### EXERCISE REQUIREMENTS
From the line with "Gary Carter, Oil Study For Major Painting" to the line with "Le Loup et la Chèvre, illustration des", output every line below exactly, both ends included. Skip the pictures.

Captioned web images
┏━━

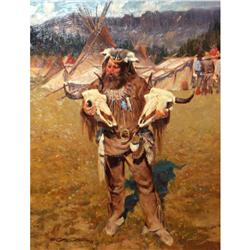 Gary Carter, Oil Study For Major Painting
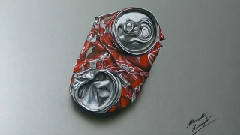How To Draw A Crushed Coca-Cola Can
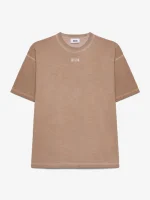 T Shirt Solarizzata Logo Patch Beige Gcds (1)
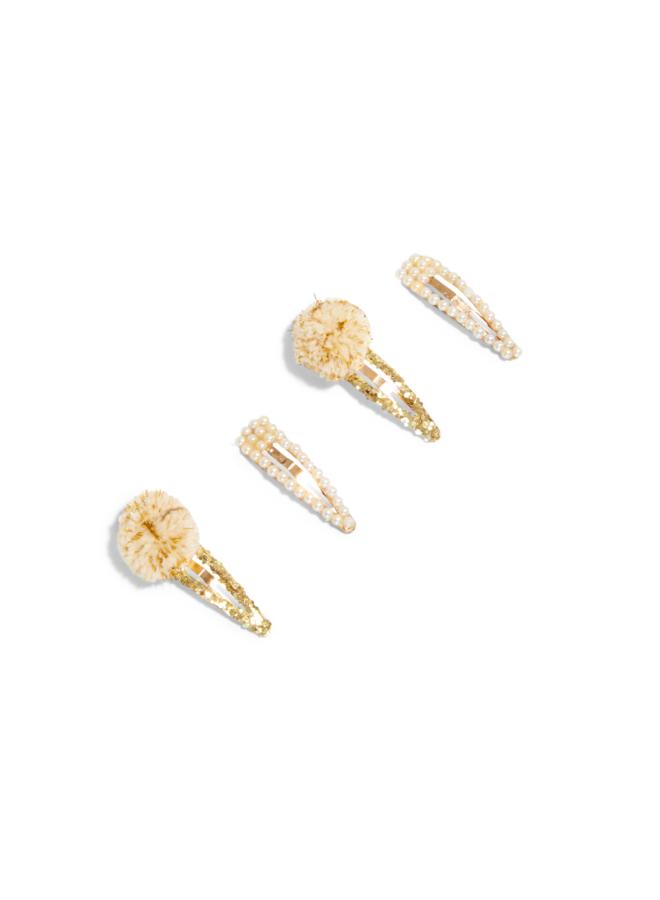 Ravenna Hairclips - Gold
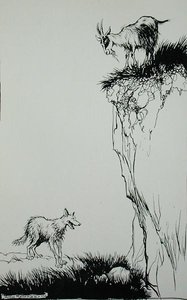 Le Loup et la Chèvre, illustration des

┗━━
┏━━

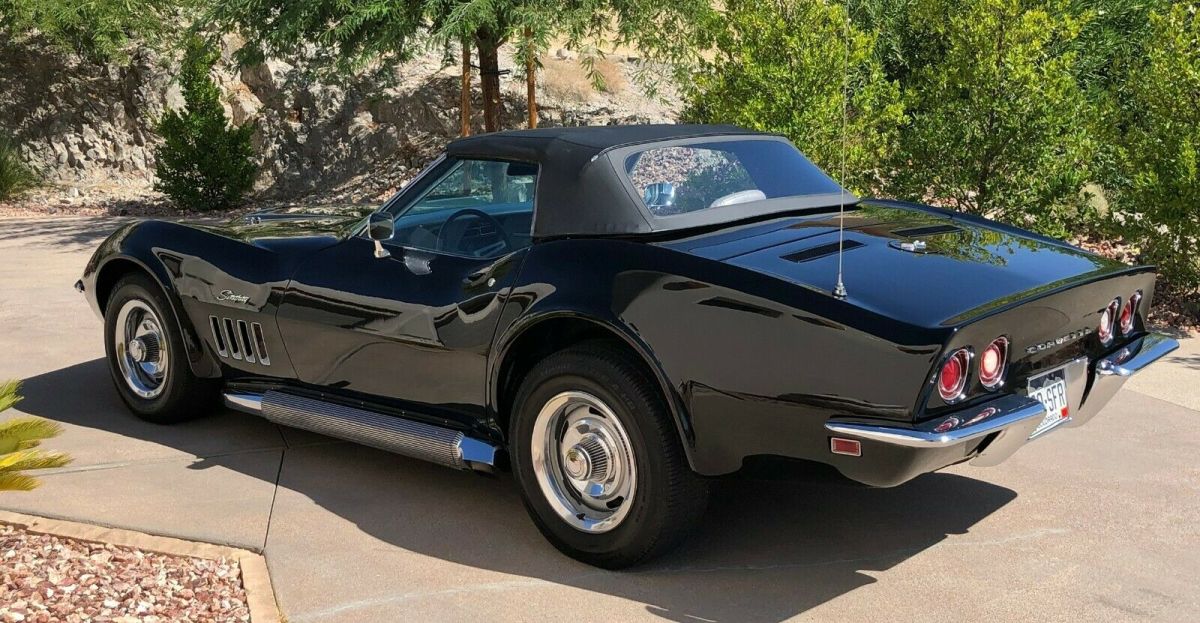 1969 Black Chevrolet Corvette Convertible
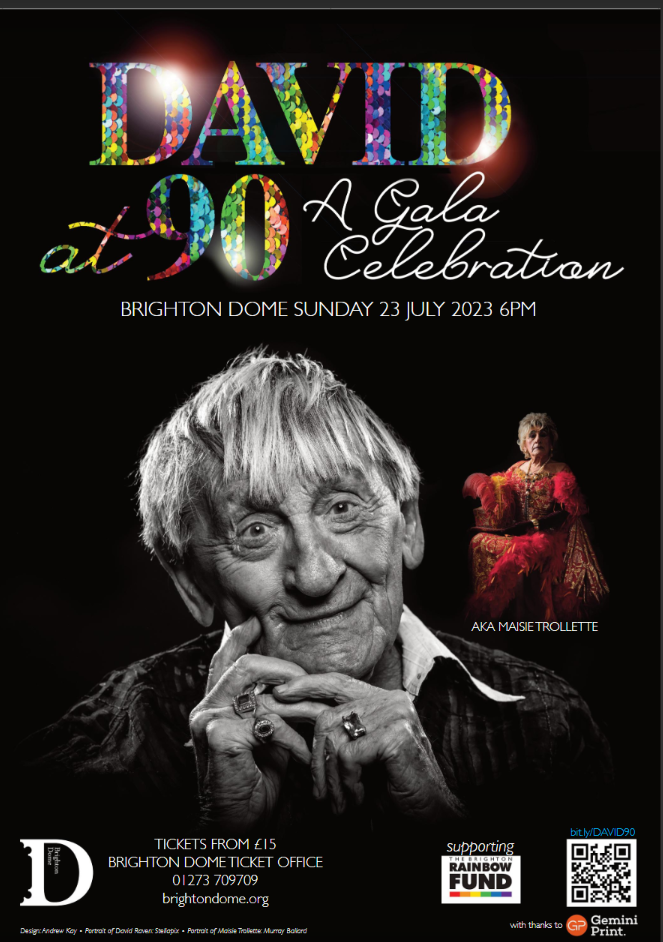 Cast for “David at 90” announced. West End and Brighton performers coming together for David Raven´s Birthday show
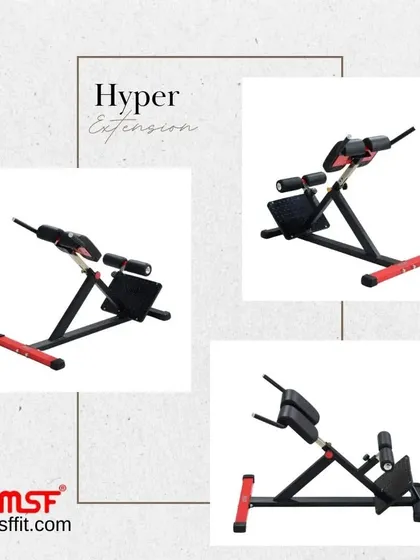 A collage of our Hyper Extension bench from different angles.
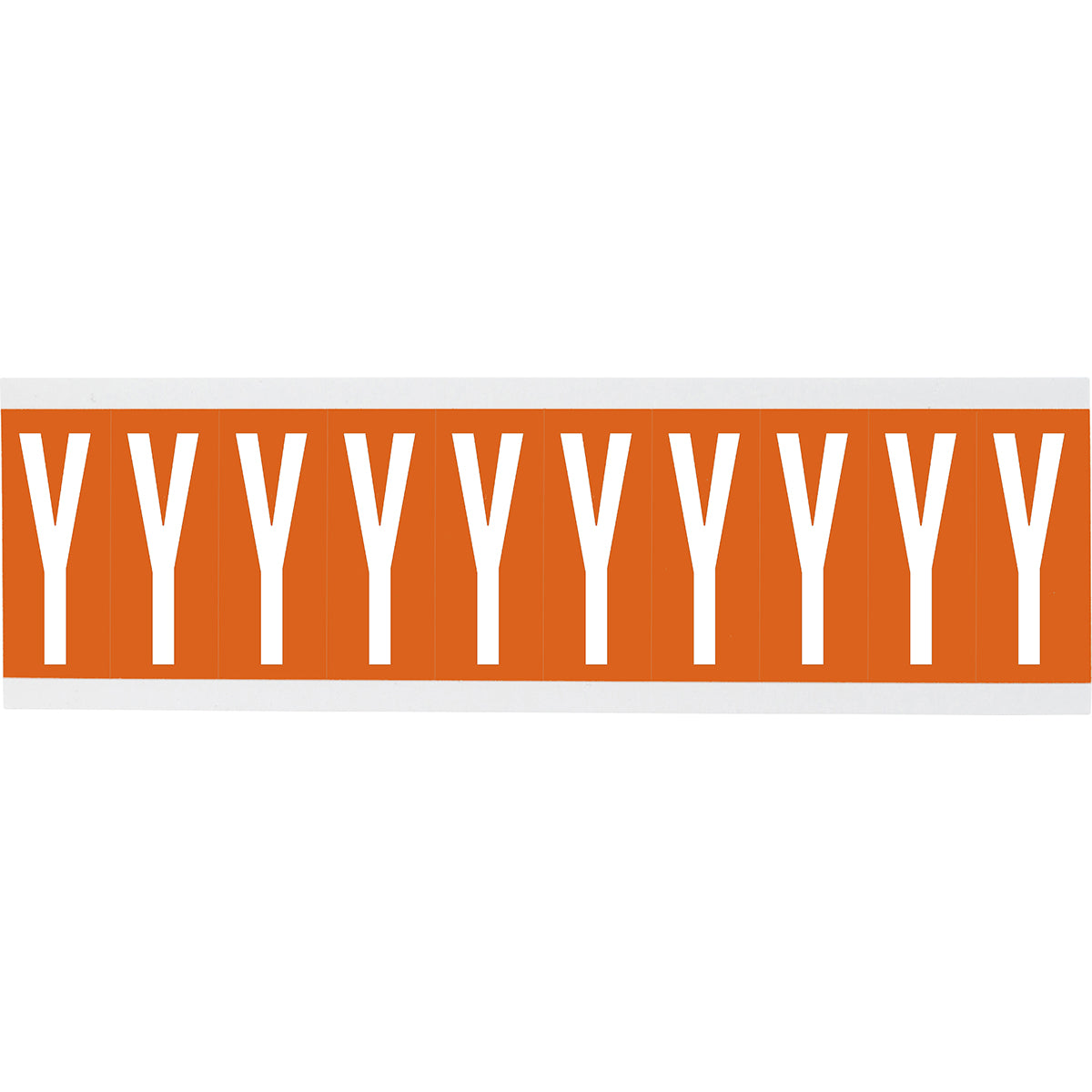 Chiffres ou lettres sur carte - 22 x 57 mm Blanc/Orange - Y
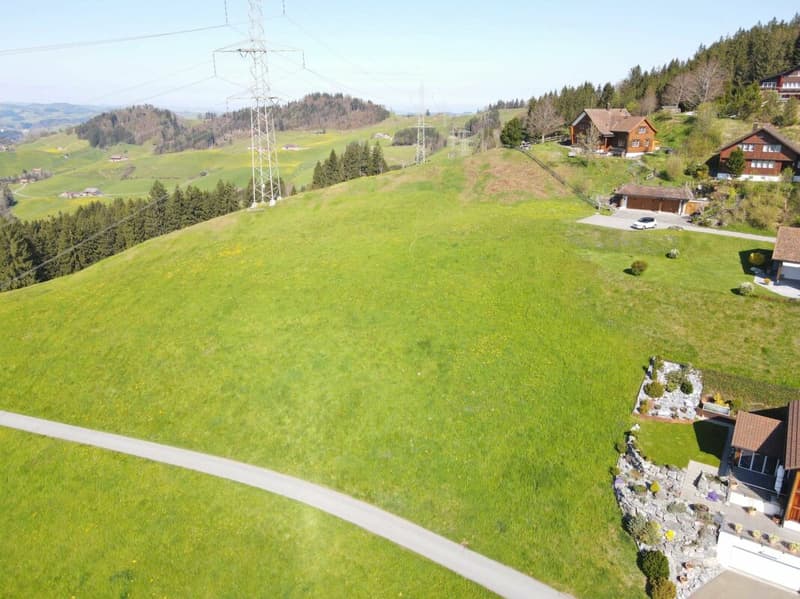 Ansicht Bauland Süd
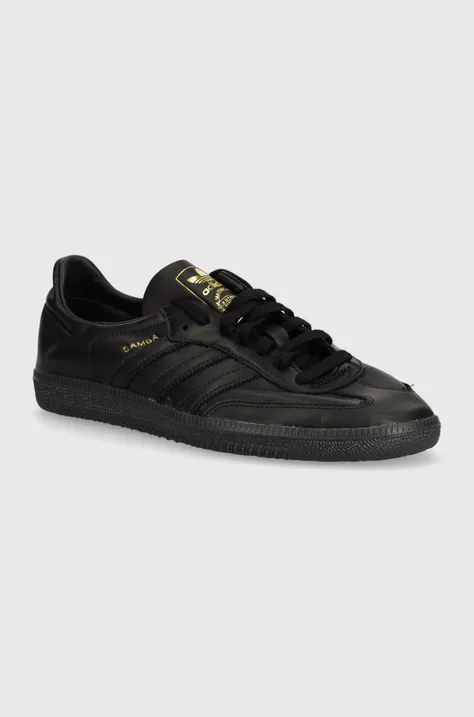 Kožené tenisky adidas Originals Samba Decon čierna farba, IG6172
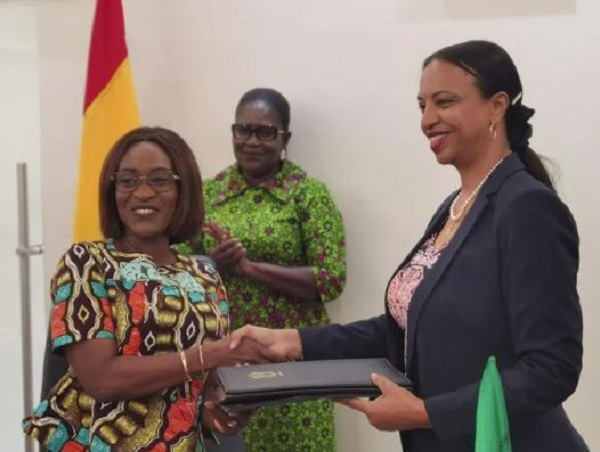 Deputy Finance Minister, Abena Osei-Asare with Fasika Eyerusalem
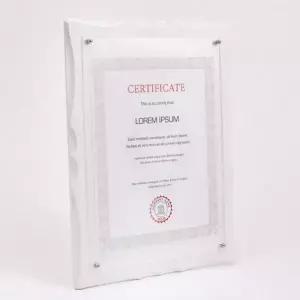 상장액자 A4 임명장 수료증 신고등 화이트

┗━━
┏━━

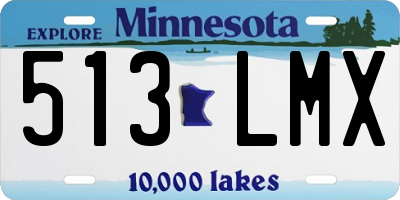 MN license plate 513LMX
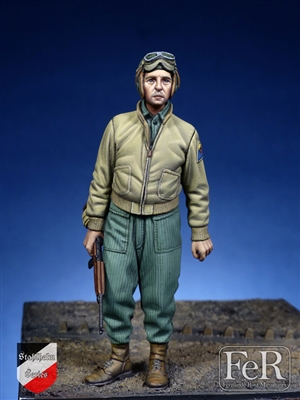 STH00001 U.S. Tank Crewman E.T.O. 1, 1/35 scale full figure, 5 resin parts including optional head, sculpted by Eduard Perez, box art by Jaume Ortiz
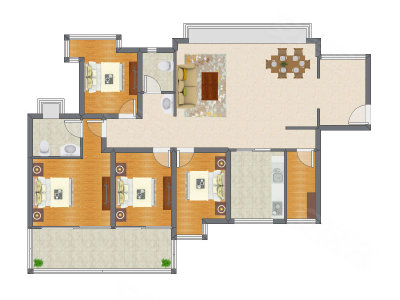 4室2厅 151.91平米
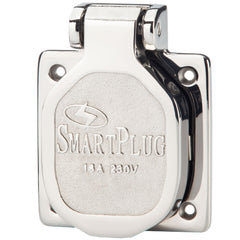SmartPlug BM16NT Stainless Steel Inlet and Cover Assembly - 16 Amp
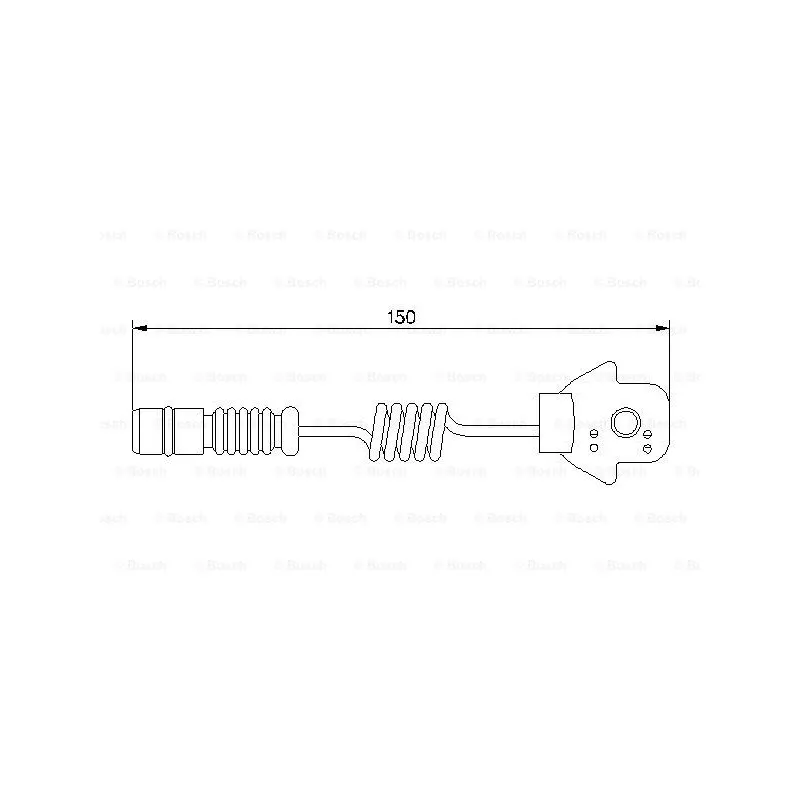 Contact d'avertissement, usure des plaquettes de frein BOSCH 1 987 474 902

┗━━

### EXERCISE SOLUTION
 Gary Carter, Oil Study For Major Painting
How To Draw A Crushed Coca-Cola Can
 T Shirt Solarizzata Logo Patch Beige Gcds (1)
 Ravenna Hairclips - Gold
 Le Loup et la Chèvre, illustration des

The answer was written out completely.